According to the incomplete statistics of today’s scholars, there are almost 260 definitions of Chinese culture thus far. For many purposes, this article attempts to describe culture from the perspective of the unity of opposites in the broad and narrow sense.

Culture broadly refers to the sum of human life, including spiritual, material, social, and other comprehensive aspects. Culture can be divided into four layers based on morphology.

  • (1) Material culture: the sum of activities in human material production and their products, such as architectural art, food, clothing, etc.

  • (2) System culture: various social norms and systems, such as the family, governance administration, economic system, political and legal system, and imperial examination system.

  • (3) Behavioral culture: etiquette, folk customs, customs, etc., established in interpersonal relationships. Examples include traditional festivals such as the Spring Festival, Lantern Festival, and Mid-Autumn Festival, as well as patterned behaviors corresponding to festivals such as pasting couplets during the Spring Festival, eating moon cakes during the Mid-Autumn Festival, and making zongzi for the Dragon Boat Festival;

  • (4) Mental culture: this area refers to values, aesthetics, way of thinking, and psychological activities, etc.

In a narrow sense, culture mainly focuses on spiritual activities, including consciousness, concepts, mentality, and customs.

Although there are various definitions of culture, it is difficult to give a standard definition. However, by combining and analyzing multiple meanings, it can be found that “human beings engage in activities of material or spiritual creation” is shared content in all kinds of definitions. It can be further proposed that the core of culture is people, that the two elements of culture are human beings and human activities, that and various cultural forms have their concrete or abstract representative results. At the same time, the process of cultural evolution and creation is often inextricably linked with time and geographical factors.

This paper extracts the concepts of character, achievement, geography, and time to form the core concept set of the cultural field. It builds a general model of ontology in the cultural area (Fig. 6). This model mainly focuses on the accurate description of domain knowledge. The person concept refers to persons directly related to artistic achievements or all-natural persons associated with the cultural field. The idea of results refers to various material or nonmaterial results produced in the cultural area. Geographical concepts refer to corresponding regions and locations in cultural evolution. The concept of time refers to related dynasties and eras in cultural change.

Fig. 6
figure 6

A general conceptual model of ontology in the cultural field

With Peking Opera as an example, data collection and related literature research provide further analysis and definition of the core concepts of Peking Opera, the division of concept levels, and the definition of object attributes and data attributes.

  • (1) Character concept analysis

    Peking Opera characters refer to Peking Opera actors, Peking Opera-related family figures, Peking Opera-related practitioners, etc. In terms of object attributes, there are teacher–student relationships, kinship relationships, and fellowship relationships among Peking Opera characters. In terms of data attributes, in addition to basic attributes such as age and native place, Peking Opera characters also have professional attributes such as genre, profession, and class.

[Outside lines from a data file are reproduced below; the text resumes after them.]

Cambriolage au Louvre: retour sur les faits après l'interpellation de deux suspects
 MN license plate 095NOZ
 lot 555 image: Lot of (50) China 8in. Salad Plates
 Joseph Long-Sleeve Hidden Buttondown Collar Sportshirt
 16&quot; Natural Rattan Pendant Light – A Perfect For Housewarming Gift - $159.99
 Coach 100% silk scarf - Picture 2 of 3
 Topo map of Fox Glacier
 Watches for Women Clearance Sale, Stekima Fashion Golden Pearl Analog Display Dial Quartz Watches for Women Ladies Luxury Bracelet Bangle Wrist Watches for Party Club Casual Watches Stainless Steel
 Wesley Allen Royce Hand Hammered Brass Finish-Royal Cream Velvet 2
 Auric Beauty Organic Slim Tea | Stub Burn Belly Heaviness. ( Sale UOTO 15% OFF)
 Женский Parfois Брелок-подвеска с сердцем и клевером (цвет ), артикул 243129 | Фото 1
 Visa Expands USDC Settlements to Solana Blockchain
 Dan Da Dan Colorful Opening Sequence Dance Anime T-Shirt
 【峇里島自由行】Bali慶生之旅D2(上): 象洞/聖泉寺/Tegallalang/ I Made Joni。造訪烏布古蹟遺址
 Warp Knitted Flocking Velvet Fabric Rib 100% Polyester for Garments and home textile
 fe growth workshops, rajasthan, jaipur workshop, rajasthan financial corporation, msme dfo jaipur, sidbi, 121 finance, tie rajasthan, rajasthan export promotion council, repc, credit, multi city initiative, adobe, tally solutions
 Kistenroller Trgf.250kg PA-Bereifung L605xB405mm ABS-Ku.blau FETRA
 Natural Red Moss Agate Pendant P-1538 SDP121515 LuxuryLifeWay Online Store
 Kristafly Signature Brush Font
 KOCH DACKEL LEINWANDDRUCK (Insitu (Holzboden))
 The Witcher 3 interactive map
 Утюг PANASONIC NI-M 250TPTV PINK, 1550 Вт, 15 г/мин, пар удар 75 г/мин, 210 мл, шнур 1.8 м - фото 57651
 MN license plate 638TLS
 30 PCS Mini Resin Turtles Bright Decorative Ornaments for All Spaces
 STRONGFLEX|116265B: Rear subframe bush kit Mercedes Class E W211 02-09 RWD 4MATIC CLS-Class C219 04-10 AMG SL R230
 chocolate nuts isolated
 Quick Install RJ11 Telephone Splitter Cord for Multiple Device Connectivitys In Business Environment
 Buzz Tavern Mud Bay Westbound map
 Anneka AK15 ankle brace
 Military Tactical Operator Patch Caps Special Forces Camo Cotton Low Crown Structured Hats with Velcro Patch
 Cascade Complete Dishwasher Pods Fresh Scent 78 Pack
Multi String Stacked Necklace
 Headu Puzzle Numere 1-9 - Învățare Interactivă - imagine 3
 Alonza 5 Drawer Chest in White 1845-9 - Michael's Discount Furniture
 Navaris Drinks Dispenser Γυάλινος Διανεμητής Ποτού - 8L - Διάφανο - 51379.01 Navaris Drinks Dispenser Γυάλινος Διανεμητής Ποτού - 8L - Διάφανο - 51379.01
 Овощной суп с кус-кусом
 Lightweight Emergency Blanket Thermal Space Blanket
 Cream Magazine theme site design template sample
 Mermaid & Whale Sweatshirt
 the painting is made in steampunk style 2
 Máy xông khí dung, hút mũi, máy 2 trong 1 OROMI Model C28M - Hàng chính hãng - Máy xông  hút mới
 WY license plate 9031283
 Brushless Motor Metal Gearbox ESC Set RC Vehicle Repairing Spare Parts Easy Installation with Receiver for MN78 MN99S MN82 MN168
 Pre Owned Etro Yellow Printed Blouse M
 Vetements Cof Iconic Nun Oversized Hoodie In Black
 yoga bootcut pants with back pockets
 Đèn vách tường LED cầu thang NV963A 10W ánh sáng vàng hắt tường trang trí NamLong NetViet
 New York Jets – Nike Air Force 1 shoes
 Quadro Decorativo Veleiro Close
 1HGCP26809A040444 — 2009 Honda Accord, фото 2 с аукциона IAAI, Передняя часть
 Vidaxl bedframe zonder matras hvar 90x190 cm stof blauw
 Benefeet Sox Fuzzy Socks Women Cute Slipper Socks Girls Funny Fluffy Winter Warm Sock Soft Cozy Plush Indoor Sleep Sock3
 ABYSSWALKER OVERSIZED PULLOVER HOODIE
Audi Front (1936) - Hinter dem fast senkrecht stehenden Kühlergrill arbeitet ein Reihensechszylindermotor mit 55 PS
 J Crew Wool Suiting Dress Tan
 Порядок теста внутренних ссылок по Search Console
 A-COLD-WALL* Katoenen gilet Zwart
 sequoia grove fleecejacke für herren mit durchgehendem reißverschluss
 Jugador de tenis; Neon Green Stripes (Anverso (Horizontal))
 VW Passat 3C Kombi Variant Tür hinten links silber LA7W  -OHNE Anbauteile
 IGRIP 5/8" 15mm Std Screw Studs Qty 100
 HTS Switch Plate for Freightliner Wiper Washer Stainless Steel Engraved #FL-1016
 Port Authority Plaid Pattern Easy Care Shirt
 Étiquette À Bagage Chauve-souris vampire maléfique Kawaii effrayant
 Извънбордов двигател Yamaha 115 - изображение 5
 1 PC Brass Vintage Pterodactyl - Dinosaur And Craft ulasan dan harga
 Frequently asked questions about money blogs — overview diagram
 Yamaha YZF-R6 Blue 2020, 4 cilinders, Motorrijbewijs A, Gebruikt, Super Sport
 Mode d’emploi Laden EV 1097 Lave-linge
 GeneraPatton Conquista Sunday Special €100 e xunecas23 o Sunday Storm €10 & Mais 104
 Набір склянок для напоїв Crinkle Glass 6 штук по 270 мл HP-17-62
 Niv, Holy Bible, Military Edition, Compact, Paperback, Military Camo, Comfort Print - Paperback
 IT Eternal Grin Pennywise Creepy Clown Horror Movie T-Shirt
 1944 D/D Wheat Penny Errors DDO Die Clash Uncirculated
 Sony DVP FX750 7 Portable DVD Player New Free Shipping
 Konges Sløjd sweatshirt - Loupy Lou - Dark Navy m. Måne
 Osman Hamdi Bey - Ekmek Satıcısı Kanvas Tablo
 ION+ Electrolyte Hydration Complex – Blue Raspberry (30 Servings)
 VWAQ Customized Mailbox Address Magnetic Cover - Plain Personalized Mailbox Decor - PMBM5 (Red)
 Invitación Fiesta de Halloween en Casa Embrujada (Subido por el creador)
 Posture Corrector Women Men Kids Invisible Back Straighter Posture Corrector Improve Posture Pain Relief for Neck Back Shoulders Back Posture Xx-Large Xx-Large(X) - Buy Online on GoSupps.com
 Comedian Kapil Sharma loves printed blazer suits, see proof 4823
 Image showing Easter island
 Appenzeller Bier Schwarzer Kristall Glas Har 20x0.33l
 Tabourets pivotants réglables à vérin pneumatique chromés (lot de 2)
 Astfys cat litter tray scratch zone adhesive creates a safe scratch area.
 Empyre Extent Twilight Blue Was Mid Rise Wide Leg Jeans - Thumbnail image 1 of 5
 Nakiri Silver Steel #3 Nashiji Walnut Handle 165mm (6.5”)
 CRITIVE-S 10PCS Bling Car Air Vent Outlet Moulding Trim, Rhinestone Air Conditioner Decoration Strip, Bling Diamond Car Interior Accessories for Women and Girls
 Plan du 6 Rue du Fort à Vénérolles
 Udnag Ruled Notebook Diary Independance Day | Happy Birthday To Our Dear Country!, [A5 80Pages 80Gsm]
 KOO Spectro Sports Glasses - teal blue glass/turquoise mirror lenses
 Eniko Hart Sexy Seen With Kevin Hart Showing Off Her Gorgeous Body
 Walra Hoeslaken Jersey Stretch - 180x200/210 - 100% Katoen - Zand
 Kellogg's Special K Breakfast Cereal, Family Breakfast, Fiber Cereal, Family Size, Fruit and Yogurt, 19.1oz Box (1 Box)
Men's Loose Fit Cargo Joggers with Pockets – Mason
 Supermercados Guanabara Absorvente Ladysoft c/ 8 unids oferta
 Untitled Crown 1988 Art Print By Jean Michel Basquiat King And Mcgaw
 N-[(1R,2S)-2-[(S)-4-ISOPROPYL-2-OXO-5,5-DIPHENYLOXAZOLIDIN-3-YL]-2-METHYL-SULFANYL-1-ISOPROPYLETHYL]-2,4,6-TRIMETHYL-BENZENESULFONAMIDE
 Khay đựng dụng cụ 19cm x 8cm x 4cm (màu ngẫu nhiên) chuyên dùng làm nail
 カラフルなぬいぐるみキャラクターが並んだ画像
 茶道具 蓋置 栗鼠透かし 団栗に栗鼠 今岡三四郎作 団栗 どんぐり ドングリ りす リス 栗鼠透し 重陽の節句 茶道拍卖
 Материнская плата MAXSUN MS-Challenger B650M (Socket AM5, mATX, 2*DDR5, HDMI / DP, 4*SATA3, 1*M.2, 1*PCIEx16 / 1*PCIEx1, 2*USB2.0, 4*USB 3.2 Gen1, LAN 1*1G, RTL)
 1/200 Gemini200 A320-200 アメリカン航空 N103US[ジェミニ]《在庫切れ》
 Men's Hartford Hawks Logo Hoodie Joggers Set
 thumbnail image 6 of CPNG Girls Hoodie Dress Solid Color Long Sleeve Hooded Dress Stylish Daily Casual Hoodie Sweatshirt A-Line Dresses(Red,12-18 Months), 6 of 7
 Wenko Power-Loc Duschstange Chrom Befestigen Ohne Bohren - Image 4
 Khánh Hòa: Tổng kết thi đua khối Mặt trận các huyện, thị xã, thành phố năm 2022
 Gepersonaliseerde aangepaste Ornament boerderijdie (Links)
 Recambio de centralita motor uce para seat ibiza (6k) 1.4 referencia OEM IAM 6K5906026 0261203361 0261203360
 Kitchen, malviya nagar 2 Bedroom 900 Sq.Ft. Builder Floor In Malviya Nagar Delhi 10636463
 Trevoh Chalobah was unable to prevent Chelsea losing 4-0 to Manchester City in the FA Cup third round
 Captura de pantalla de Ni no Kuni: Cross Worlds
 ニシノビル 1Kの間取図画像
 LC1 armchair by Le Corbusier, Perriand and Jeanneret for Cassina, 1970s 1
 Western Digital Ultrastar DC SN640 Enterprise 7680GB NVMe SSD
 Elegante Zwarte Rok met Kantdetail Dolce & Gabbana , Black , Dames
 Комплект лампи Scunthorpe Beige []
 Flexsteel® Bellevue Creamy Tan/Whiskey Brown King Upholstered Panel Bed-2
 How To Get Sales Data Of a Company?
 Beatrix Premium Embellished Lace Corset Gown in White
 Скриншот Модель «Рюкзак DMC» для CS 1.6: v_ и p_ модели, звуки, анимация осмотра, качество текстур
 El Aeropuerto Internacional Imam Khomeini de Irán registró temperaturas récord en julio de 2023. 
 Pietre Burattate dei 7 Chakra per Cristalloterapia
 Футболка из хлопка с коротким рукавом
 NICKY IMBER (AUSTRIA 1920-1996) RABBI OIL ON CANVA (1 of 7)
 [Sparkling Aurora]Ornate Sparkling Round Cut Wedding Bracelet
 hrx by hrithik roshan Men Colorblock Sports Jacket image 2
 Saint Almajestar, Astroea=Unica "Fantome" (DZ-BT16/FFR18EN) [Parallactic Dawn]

  • (2) Concept analysis of results

    The achievements of the Peking Opera are multidimensional, including singing, reading, acting, fighting, specialized gestures with the hands, eyes, and body, special forms of stepping, methods and other expressive techniques and skills. There are also costume props with specific intentions, such as facial makeup and outfits, as well as many sequences with clear themes and profound connotations. A sequence includes attributes such as theme, script, main content, expression technique, name, and role. The character itself also includes attributes such as props, outfits, and facial makeup.

  • (3) Geographic concept analysis

    In the ontology constructed in this paper, geographical concepts mainly refer to theater buildings, theater gardens and former residences. During the Qianlong period, the four major Anhui troupes entered Beijing sequentially. The performances of the Hui troupes were exchanged and integrated with the techniques of Kunqu Opera, Qin Opera, and local folk tunes and eventually developed into Peking Opera. These Anhui troupes who came to Beijing mainly lived in the most prosperous area, Dashilanr, at that time, where they trained, rehearsed and performed. Therefore, there are also many famous opera gardens and teahouses in the Dashilanr area.

    Expressing the geographical concept of the Peking Opera with theater buildings, theater gardens and former residences, this area of the city inherited the history of the origin of Peking Opera and connects the evolution, rise and fall of Peking Opera, and the transmission of repertoire, performance schools and character interpretations.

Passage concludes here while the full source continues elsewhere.